> **REQUIREMENT**: Find the line that contains "3.4ct Round Cut". Copy it and every line after it to the end of the material below, exactly, with no pictures.

> **EXCERPTED RECORDS**:
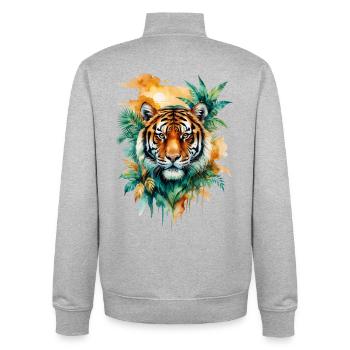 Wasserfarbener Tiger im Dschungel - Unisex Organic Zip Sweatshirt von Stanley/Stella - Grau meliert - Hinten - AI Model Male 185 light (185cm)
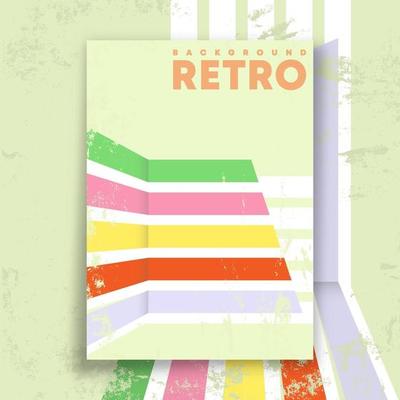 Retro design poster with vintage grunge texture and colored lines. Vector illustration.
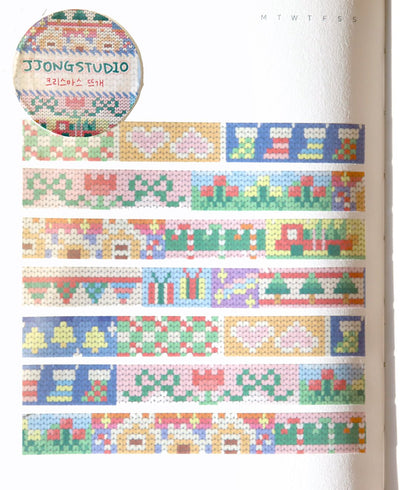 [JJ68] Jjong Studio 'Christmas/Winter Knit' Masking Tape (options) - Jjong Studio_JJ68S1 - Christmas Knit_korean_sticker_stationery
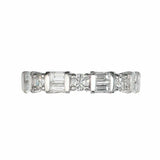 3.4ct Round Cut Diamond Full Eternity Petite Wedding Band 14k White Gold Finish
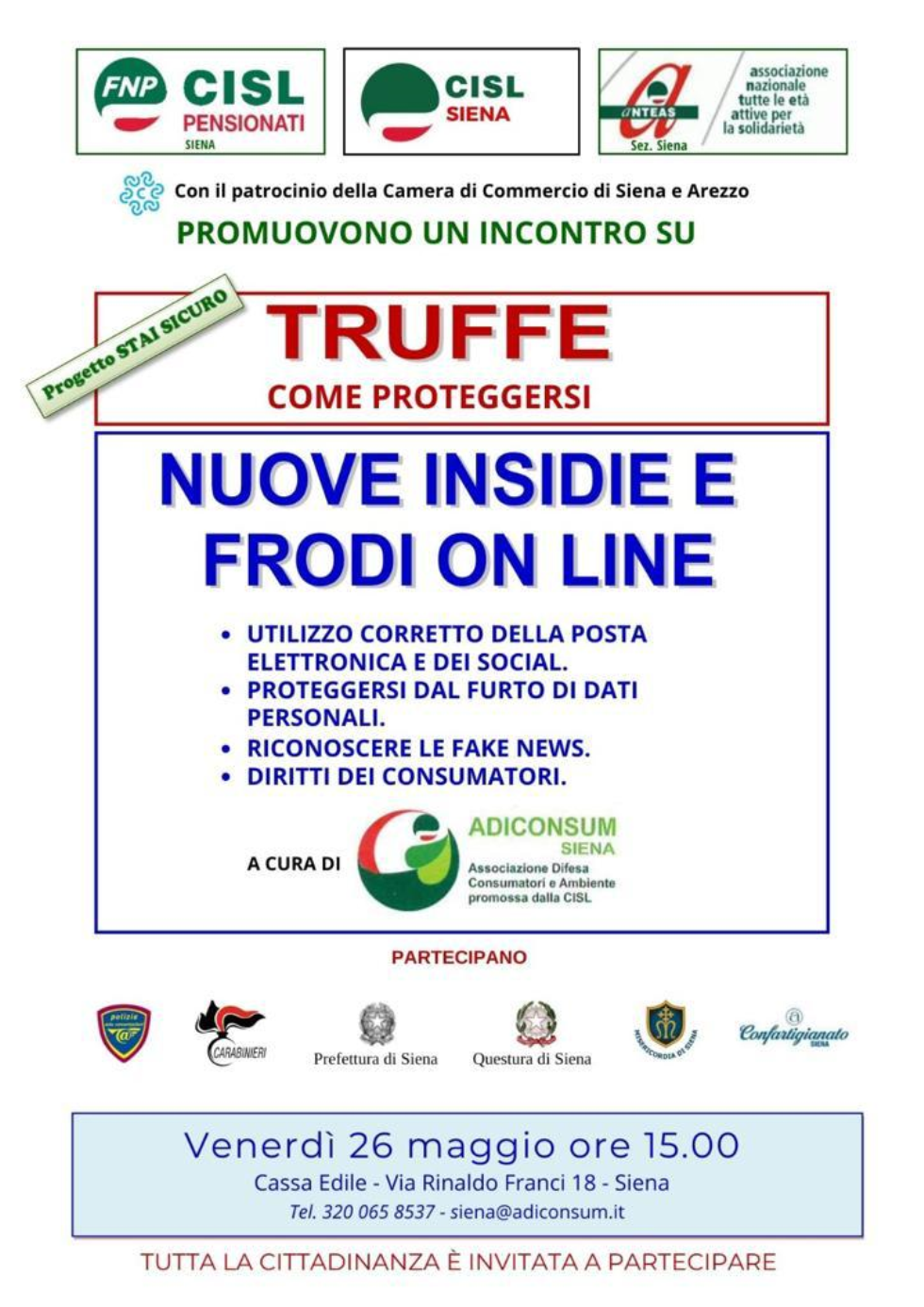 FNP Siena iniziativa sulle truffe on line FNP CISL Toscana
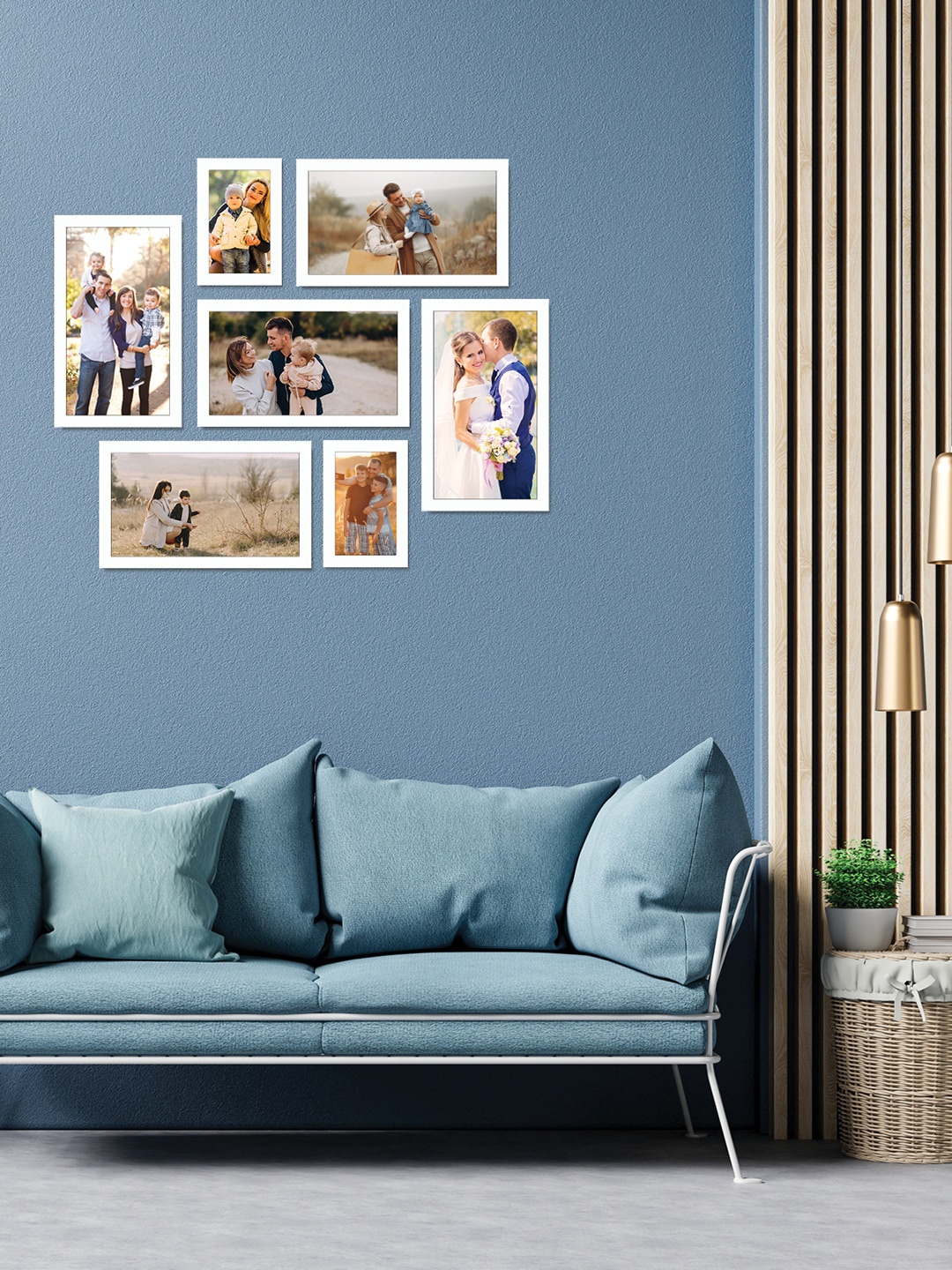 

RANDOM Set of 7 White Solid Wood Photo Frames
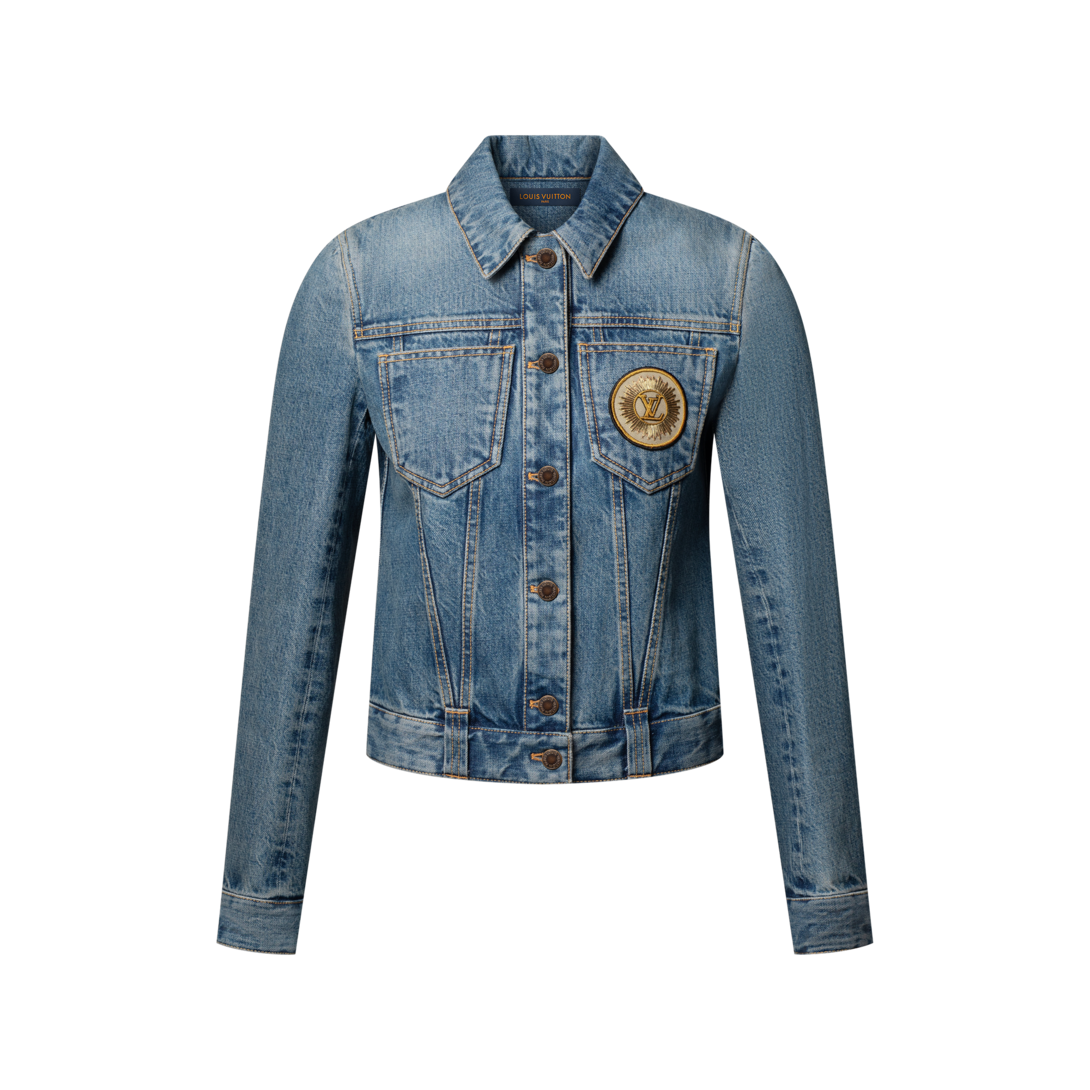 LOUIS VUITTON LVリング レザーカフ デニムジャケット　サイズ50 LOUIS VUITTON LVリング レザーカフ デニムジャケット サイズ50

> **EXERCISE SOLUTION**:
 3.4ct Round Cut Diamond Full Eternity Petite Wedding Band 14k White Gold Finish
 FNP Siena iniziativa sulle truffe on line FNP CISL Toscana

RANDOM Set of 7 White Solid Wood Photo Frames
 LOUIS VUITTON LVリング レザーカフ デニムジャケット　サイズ50 LOUIS VUITTON LVリング レザーカフ デニムジャケット サイズ50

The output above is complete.